MixMatch: A Holistic Approach to Semi-Supervised Learning

Part of Advances in Neural Information Processing Systems 32 (NeurIPS 2019)

AuthorFeedback Bibtex MetaReview Metadata Paper Reviews Supplemental

Authors

David Berthelot, Nicholas Carlini, Ian Goodfellow, Nicolas Papernot, Avital Oliver, Colin A. Raffel

Abstract

Semi-supervised learning has proven to be a powerful paradigm for leveraging unlabeled data to mitigate the reliance on large labeled datasets. In this work, we unify the current dominant approaches for semi-supervised learning to produce a new algorithm, MixMatch, that guesses low-entropy labels for data-augmented unlabeled examples and mixes labeled and unlabeled data using MixUp.
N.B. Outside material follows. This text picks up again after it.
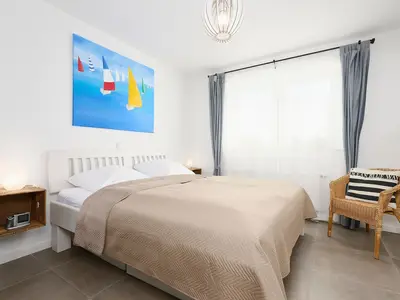 Ferienwohnung für 4 Personen (61 m²) in Schönberger Strand 4/10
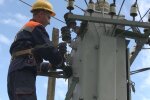 графики отключения света в Черниговской области на неделю с 13 по 19 июля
MixMatch obtains state-of-the-art results by a large margin across many datasets and labeled data amounts. For example, on CIFAR-10 with 250 labels, we reduce error rate by a factor of 4 (from 38% to 11%) and by a factor of 2 on STL-10. We also demonstrate how MixMatch can help achieve a dramatically better accuracy-privacy trade-off for differential privacy. Finally, we perform an ablation study to tease apart which components of MixMatch are most important for its success. Code is attached.